= Web page caption snippets =
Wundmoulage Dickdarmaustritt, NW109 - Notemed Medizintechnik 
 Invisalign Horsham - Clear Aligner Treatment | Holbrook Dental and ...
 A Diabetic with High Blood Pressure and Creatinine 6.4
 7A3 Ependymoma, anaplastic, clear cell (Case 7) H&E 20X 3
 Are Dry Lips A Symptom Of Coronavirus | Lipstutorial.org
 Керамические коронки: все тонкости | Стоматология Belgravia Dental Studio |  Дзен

* * *

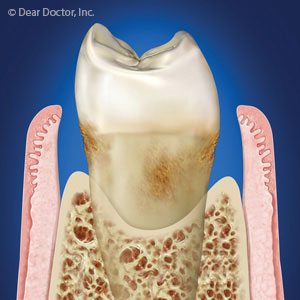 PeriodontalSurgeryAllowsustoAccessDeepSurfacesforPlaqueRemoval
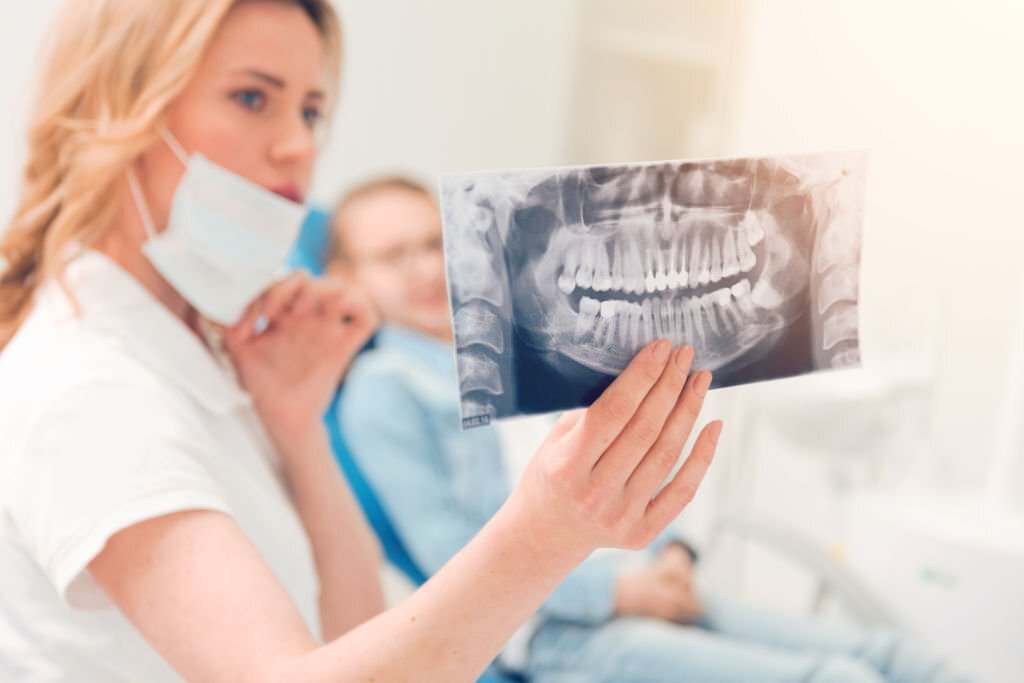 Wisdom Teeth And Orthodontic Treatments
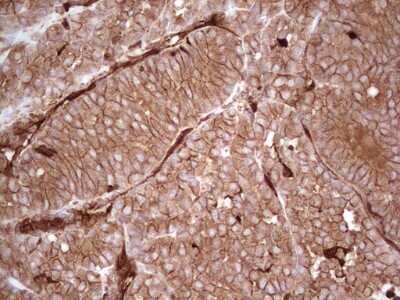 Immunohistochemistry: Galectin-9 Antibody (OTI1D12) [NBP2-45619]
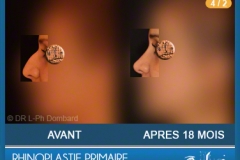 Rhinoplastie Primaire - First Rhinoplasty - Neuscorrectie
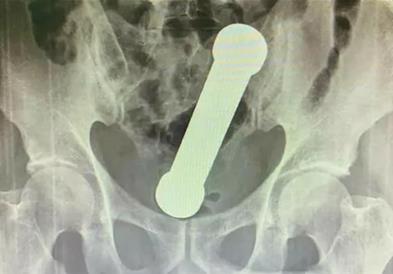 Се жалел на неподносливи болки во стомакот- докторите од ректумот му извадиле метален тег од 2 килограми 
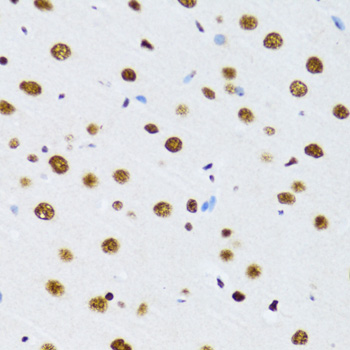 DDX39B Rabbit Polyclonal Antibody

= Your task =
Give back exactly the lines above starting at the line where "Wundmoulage Dickdarmaustritt, NW109" appears and ending at the line where "Керамические коронки: все" appears, both included, with no other lines.

= Result below =
Wundmoulage Dickdarmaustritt, NW109 - Notemed Medizintechnik 
 Invisalign Horsham - Clear Aligner Treatment | Holbrook Dental and ...
 A Diabetic with High Blood Pressure and Creatinine 6.4
 7A3 Ependymoma, anaplastic, clear cell (Case 7) H&E 20X 3
 Are Dry Lips A Symptom Of Coronavirus | Lipstutorial.org
 Керамические коронки: все тонкости | Стоматология Belgravia Dental Studio |  Дзен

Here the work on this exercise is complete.